ANNA SUI: “Exactly. How do you get the fabric? And get it made? And get it into stores? They should teach these kids that, not how to make a dress out of toilet paper. What people don’t understand is that making clothes is a craft, and you have to learn the craft. That’s why so many of the great designers came from apprenticeships and working under other designers. It didn’t just happen overnight. It was a learned process. That’s the other thing that’s really hard to teach someone – the resources. Where do you get that print, or those buttons? That’s acquired through practice, trial and error, and one thing leading to another. You don’t graduate from school and get a directory.”
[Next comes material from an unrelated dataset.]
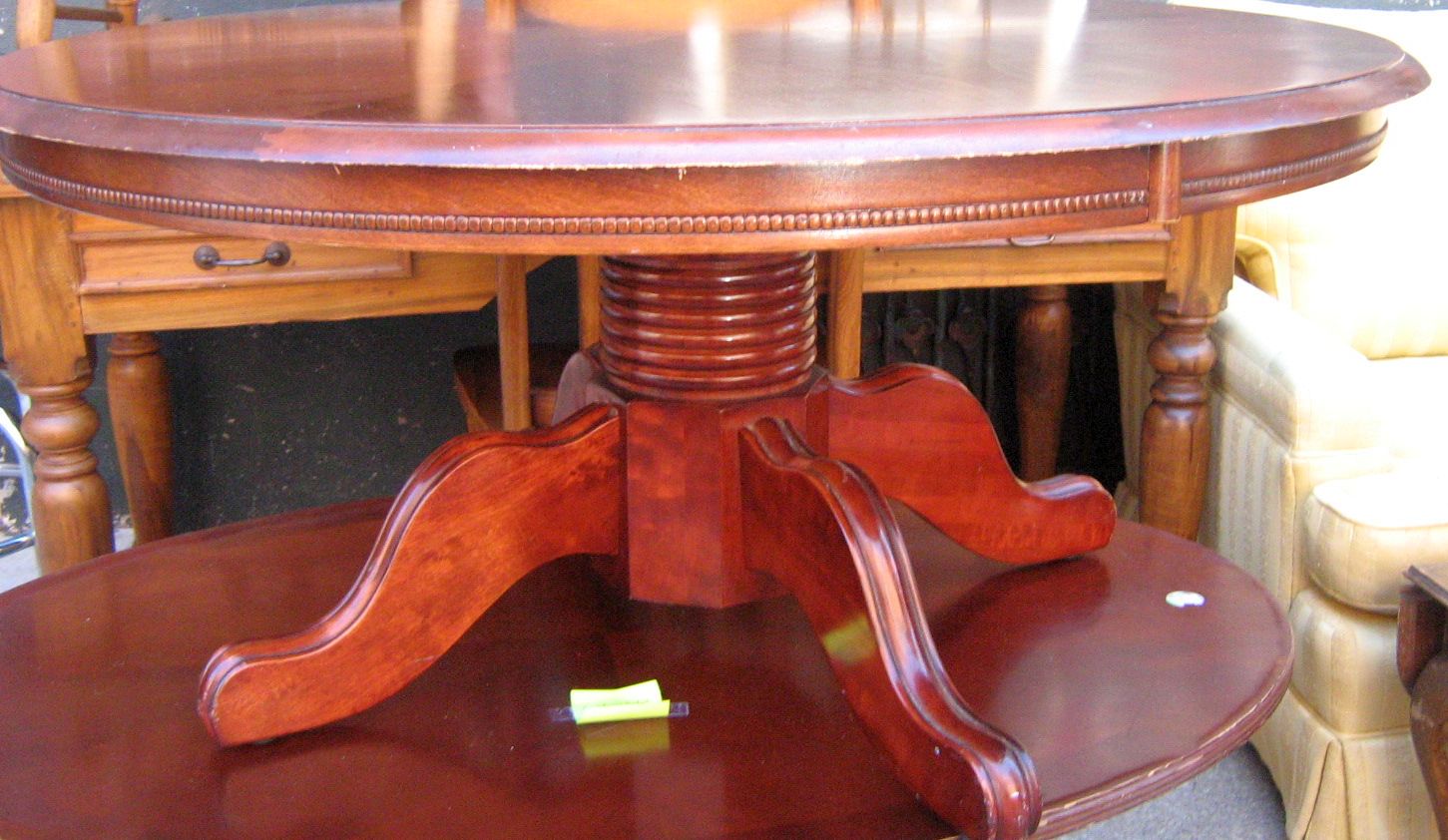 [coffee+table+2.JPG]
DEREK BLASBERG: “Let’s go back to Ronald McDonald and your fashion shows. They’re one of the hottest tickets at New York fashion week, and I’ve been lucky enough to be backstage at a few of them. It’s always a fun, organised chaos.”
ANNA SUI: “It’s a circus. But imagine them during the days of the supermodel.”
DEREK BLASBERG: “Tell me!”
ANNA SUI: “When I first started it was Linda, Naomi, Christy [Turlington] – and Kate [Moss] was new. She was lagging behind at the time, trailing along with the others and learning from them. They were all such dominant personalities. The demands! They would come in, look at the Polaroid board and count how many outfits they had and where they were in the line-up.”
DEREK BLASBERG: “And who had heels and who had flats?”
ANNA SUI: “And how tall the person was before or after them. You had to juggle all that, which these days you don’t have to think about. I used to have to hide the board.”
DEREK BLASBERG: “Was that amusing at the time, or is it even amusing now, looking back?”
ANNA SUI: “It was terrifying. Here are these women who could demand anything they wanted from Chanel, from Versace – and they did. That’s how they were. Who was opening, who was closing? It was a different time.”
DEREK BLASBERG: “Do you miss it? I wasn’t working in fashion in the 1990s, so I don’t have these experiences – be them good or bad – so I love hearing about it.”
ANNA SUI: “Let’s just say there’s a reason they were supermodels. When you put an outfit on them, it was just incredible. I could put anything on them and they would make it fit and make it work. It was just like, ‘How is that possible?’ They were supermodels.”
DEREK BLASBERG: “Does Steven still come backstage?”
ANNA SUI: “When he comes to the show.”
DEREK BLASBERG: “Does he still help you with your casting?”
ANNA SUI: “There’s a list. There’s always a list in the beginning of August, and every Polaroid goes to Steven. It’s fun for us. I think he enjoys it. I only see these models for half an hour twice a year, and there are so many new ones every season. It’s not like I’m doing it daily like he is.”
DEREK BLASBERG: “One thing I admire about your career is that it seems like it’s been a team and collaboration from the very beginning.”
ANNA SUI: “I think that’s what’s gotten me through all these years. It’s what got me started and it’s what has kept me going.”